[RECORDS — start]

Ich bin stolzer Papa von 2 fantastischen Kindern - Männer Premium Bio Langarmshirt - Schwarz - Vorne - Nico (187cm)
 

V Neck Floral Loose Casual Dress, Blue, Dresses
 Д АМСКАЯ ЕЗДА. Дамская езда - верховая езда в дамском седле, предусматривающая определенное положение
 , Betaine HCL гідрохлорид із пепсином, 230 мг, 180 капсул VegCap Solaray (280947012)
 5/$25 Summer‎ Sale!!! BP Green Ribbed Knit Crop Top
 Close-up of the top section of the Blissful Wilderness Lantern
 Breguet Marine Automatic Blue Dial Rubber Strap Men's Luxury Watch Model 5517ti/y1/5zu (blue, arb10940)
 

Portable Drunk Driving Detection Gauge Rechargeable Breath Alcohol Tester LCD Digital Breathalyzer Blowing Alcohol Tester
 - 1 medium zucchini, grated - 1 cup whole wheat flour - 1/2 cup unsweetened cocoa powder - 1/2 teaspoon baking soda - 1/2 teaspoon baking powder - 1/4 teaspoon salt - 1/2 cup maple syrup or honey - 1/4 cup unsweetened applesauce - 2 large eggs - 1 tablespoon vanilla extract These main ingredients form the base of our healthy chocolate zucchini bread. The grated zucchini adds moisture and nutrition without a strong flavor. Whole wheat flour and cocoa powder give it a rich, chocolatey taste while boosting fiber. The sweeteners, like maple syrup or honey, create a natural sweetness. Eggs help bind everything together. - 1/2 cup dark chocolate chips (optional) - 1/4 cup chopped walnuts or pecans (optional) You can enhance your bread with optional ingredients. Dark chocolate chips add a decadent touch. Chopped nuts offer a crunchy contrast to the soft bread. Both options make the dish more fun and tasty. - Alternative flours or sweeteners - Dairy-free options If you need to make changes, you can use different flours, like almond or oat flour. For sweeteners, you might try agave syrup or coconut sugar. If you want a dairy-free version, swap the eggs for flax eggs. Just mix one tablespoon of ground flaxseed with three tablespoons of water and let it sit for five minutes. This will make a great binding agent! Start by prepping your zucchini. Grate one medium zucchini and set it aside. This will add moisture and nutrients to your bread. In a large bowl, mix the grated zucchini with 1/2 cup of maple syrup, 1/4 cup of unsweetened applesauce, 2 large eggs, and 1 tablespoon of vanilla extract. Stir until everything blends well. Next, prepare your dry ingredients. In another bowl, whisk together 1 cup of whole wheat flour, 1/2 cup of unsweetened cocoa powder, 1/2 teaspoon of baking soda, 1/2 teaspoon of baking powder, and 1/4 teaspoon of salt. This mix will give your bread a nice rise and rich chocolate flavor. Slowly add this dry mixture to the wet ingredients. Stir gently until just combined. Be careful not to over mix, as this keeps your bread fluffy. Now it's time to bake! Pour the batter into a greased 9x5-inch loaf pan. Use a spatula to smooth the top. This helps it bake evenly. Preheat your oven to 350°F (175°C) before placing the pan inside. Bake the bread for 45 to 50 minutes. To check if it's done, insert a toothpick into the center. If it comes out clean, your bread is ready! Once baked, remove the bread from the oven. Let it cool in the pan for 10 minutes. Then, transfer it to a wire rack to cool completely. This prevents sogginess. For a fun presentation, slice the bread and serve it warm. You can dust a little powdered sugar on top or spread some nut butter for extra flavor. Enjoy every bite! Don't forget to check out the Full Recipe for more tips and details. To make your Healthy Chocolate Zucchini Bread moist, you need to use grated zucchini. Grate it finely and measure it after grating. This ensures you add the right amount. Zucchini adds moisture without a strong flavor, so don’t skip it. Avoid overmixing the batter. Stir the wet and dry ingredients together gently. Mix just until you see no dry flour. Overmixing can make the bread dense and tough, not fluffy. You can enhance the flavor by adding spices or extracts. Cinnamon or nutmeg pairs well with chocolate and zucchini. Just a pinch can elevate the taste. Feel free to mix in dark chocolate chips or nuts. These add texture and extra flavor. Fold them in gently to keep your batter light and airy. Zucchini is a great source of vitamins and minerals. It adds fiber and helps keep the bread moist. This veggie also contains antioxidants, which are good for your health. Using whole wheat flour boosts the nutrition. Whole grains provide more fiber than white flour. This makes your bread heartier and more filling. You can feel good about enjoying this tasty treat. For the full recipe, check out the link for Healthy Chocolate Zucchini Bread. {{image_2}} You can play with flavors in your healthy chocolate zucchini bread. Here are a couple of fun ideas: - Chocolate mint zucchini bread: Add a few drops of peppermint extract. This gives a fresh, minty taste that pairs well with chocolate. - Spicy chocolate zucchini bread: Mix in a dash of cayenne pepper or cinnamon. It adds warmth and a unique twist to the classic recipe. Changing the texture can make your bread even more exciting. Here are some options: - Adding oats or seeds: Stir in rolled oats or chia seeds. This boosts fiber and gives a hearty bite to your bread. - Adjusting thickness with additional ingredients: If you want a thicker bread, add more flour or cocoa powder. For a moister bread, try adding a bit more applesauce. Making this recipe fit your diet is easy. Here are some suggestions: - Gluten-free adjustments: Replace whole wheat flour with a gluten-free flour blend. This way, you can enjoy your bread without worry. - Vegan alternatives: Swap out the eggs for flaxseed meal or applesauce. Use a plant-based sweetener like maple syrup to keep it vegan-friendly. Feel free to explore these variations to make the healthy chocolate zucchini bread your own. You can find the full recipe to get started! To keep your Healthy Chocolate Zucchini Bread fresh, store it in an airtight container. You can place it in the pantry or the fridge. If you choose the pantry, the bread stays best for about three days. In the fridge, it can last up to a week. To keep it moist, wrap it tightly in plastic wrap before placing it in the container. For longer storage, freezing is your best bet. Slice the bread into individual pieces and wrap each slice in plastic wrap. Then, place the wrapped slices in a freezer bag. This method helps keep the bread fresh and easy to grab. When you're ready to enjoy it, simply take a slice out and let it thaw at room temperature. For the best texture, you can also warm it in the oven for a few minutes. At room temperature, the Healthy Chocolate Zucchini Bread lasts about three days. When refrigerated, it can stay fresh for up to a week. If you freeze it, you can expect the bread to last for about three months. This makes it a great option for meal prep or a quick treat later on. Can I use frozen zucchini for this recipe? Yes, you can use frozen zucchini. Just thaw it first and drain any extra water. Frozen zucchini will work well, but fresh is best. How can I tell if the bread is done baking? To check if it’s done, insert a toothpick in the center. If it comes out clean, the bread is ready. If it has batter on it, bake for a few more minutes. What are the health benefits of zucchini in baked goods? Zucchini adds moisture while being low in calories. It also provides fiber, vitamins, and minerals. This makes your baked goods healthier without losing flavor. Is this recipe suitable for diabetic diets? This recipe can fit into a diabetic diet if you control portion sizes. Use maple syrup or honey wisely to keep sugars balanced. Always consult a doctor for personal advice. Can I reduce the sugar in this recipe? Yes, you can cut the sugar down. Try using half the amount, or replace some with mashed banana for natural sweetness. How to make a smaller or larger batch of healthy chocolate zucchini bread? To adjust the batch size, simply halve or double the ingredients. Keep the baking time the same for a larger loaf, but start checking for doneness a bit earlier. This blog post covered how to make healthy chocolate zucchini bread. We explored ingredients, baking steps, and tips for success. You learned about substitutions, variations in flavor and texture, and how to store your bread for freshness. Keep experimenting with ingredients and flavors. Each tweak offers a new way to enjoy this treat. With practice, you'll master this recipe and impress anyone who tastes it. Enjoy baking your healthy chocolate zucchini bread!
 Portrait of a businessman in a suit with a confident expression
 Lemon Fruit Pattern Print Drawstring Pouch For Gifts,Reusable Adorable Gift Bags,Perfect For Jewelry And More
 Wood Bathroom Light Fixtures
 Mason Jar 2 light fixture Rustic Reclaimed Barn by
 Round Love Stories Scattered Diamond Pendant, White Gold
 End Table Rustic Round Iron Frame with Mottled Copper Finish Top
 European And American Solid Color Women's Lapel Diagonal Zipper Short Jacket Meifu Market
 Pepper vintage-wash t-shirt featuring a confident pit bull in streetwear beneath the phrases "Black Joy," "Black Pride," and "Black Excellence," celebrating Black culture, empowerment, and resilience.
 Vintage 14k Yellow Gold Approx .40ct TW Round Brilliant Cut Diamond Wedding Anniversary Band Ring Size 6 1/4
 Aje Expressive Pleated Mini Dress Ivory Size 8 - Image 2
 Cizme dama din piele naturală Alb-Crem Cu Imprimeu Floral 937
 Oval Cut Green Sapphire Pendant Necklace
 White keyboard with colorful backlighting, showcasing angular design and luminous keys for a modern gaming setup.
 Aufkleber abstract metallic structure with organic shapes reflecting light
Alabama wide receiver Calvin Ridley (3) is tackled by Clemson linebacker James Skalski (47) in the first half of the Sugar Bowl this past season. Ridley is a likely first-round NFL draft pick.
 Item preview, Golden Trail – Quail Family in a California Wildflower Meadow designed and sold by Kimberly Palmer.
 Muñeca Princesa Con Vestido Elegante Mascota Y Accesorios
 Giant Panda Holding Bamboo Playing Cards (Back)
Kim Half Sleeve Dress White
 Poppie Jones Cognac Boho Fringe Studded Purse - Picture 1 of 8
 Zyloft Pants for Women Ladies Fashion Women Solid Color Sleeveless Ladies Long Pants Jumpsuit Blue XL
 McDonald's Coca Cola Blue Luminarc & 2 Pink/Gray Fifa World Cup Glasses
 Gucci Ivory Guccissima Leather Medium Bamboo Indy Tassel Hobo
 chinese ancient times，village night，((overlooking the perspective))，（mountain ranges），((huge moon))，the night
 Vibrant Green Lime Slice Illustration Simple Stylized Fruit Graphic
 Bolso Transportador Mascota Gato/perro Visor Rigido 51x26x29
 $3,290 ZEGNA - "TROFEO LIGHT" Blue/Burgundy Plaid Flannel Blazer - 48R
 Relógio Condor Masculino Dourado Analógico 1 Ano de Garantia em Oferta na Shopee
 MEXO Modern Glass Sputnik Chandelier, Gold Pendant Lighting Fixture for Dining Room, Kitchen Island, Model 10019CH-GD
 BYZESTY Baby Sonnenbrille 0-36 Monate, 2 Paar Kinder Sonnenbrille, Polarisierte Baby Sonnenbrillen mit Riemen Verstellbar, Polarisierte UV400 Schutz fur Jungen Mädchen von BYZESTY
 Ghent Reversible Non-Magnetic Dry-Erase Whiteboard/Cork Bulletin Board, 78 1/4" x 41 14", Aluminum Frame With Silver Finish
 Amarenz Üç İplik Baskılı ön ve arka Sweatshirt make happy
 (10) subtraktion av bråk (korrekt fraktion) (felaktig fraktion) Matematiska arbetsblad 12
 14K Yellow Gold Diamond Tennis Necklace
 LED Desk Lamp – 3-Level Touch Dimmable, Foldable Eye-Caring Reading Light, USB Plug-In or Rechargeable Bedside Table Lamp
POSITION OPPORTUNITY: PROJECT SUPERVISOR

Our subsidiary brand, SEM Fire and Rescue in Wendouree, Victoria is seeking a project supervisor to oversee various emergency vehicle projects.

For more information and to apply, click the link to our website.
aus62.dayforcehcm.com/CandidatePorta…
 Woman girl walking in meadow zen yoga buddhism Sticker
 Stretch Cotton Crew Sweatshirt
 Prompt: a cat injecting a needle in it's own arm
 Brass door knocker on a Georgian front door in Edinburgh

[RECORDS — finish]

EXERCISE DETAILS: Print again the lines of the entries above that fall between the line holding "5/$25 Summer‎ Sale!!!" and the line holding "Breguet Marine Automatic", inclusive, exactly as they stand.

SOLUTION FOR THIS EXERCISE:
 5/$25 Summer‎ Sale!!! BP Green Ribbed Knit Crop Top
 Close-up of the top section of the Blissful Wilderness Lantern
 Breguet Marine Automatic Blue Dial Rubber Strap Men's Luxury Watch Model 5517ti/y1/5zu (blue, arb10940)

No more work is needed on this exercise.